*** RECORDS SHOWN

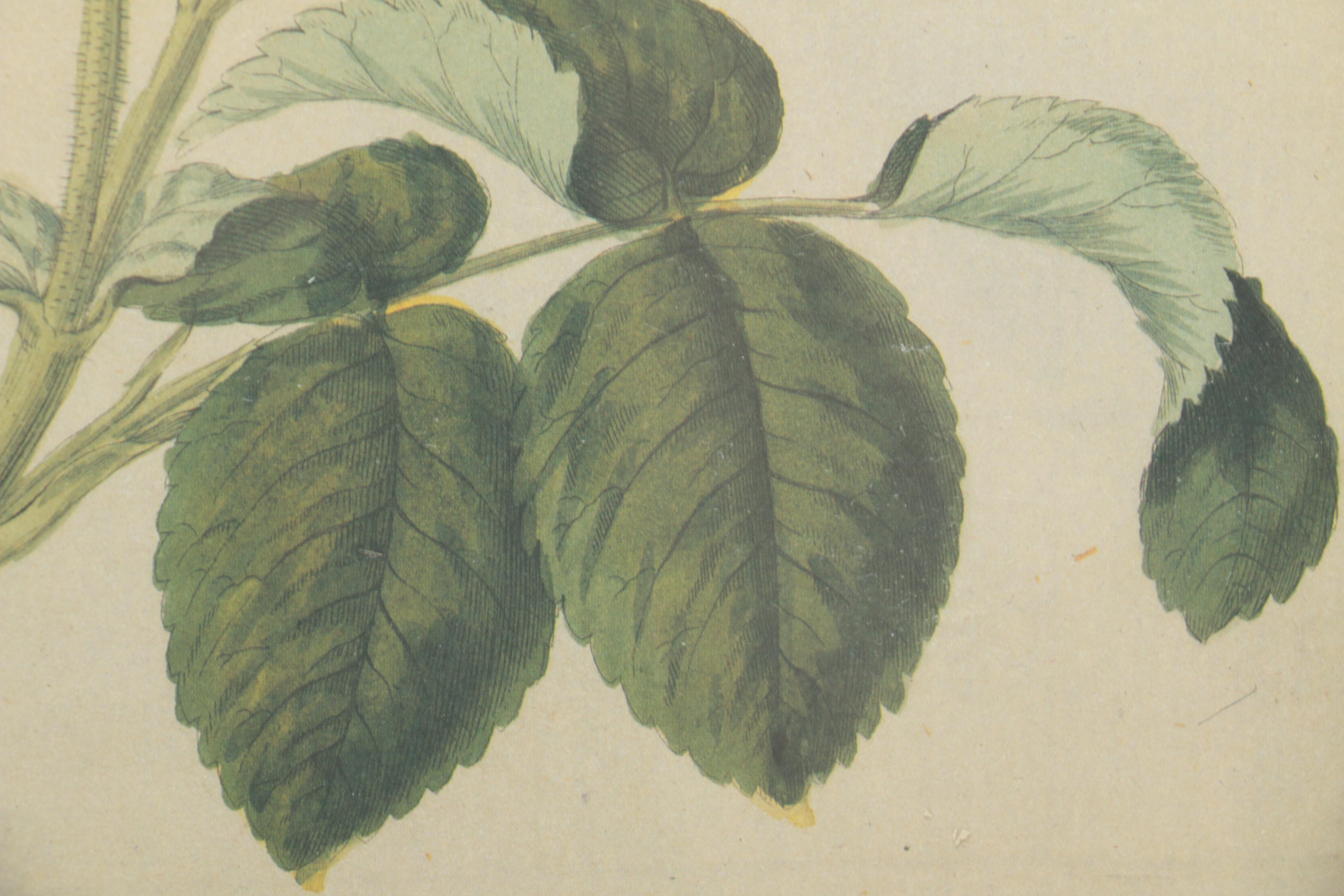 After F. J. Bertuch Offset Lithograph Print "Porte-Feuille des Enfants"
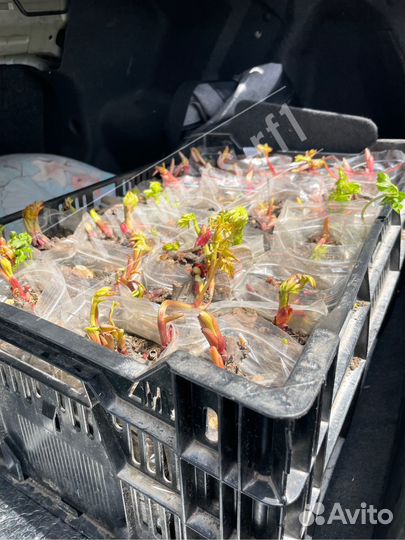 Корни пионов в ZIP пакетах. Желтые. Бартзелла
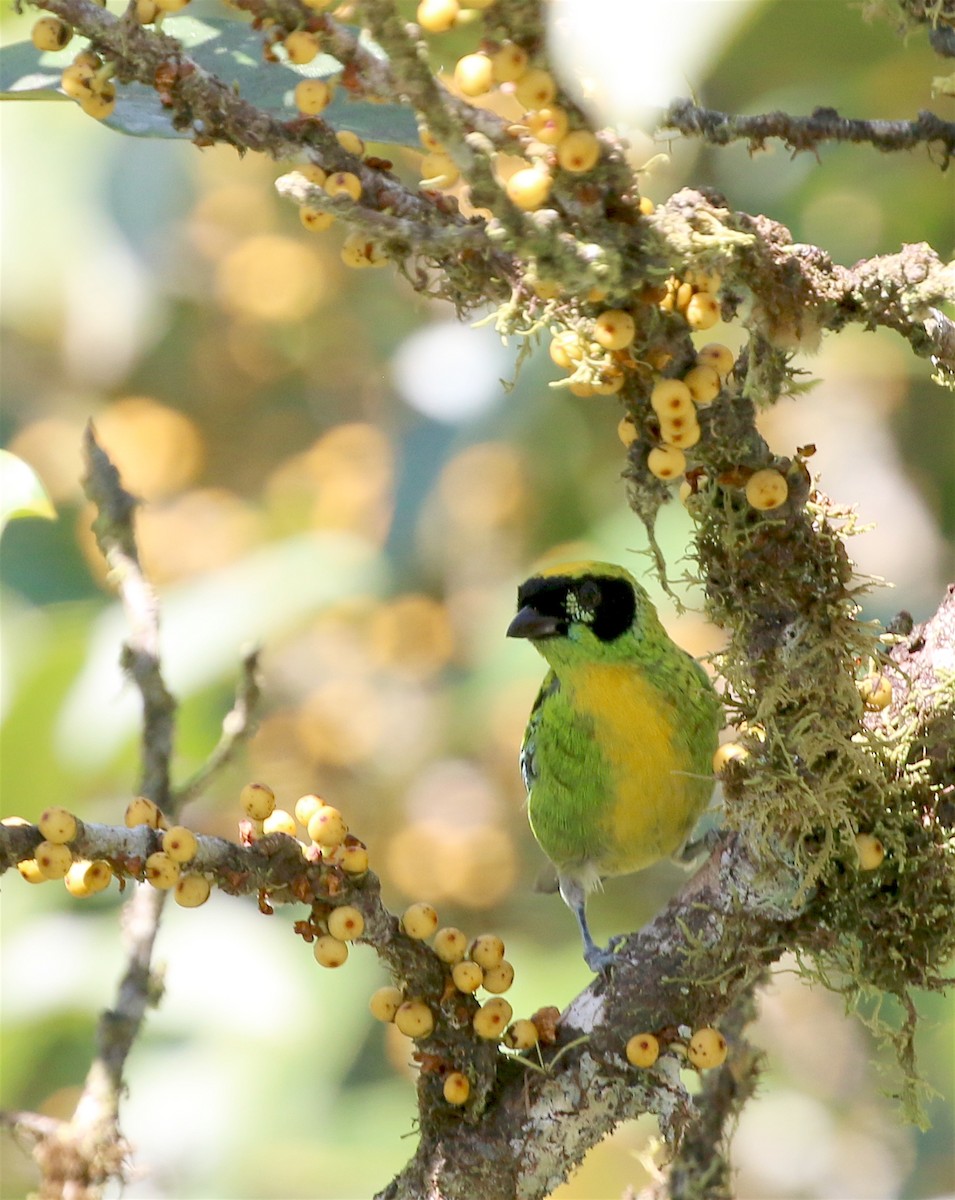 Green-and-gold Tanager - ML623211062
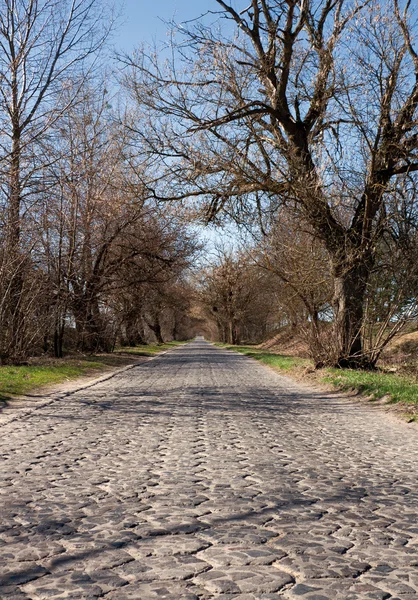 Asırlık taş yol — Stok fotoğraf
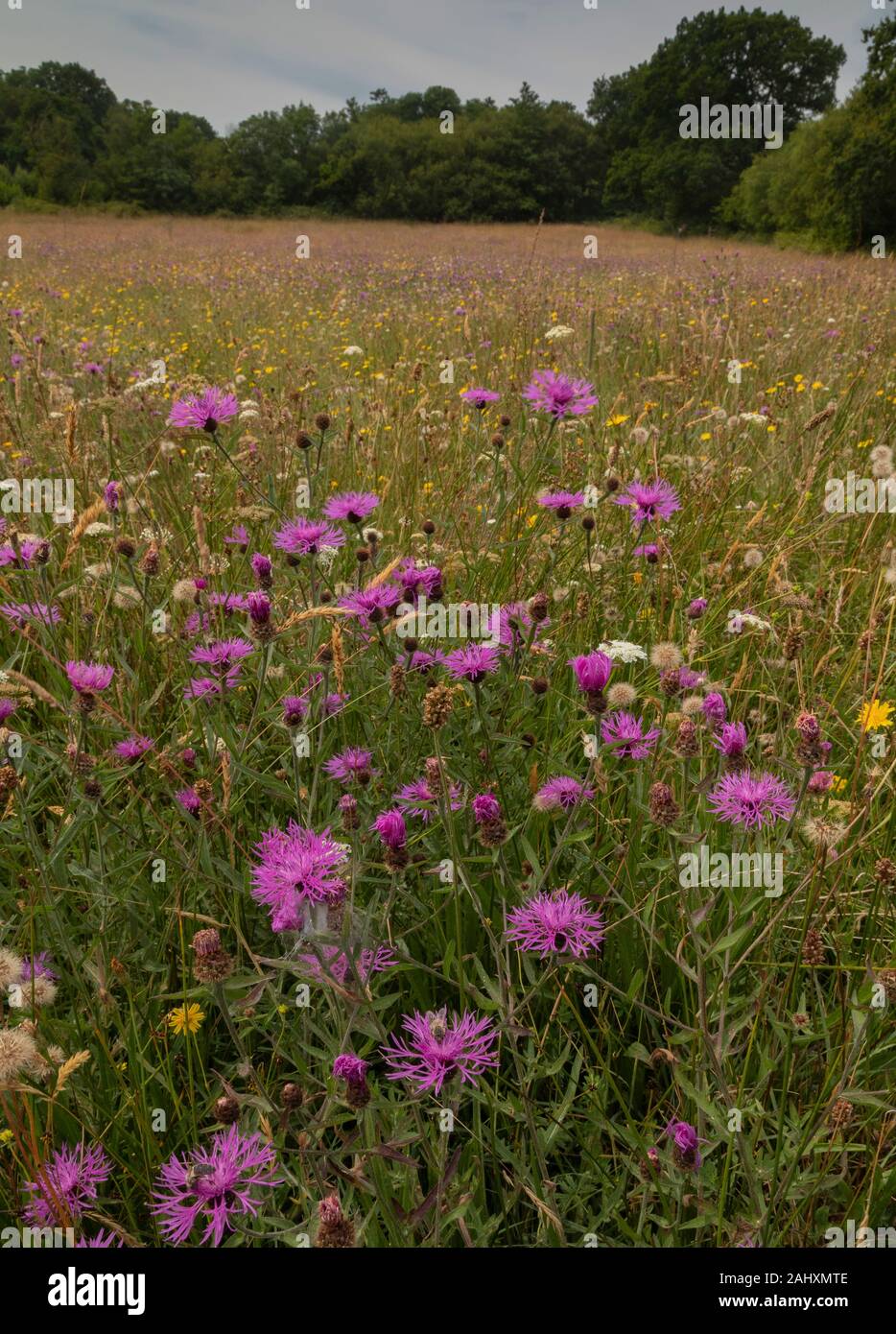 Flowery mead hires stock photography and images Alamy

******

Once the line containing "Корни пионов в" is found, transcribe it and every line after it to the end of the records, exactly and with no pictures.

**OUTPUT OF THE TASK**
 Корни пионов в ZIP пакетах. Желтые. Бартзелла
 Green-and-gold Tanager - ML623211062
 Asırlık taş yol — Stok fotoğraf
 Flowery mead hires stock photography and images Alamy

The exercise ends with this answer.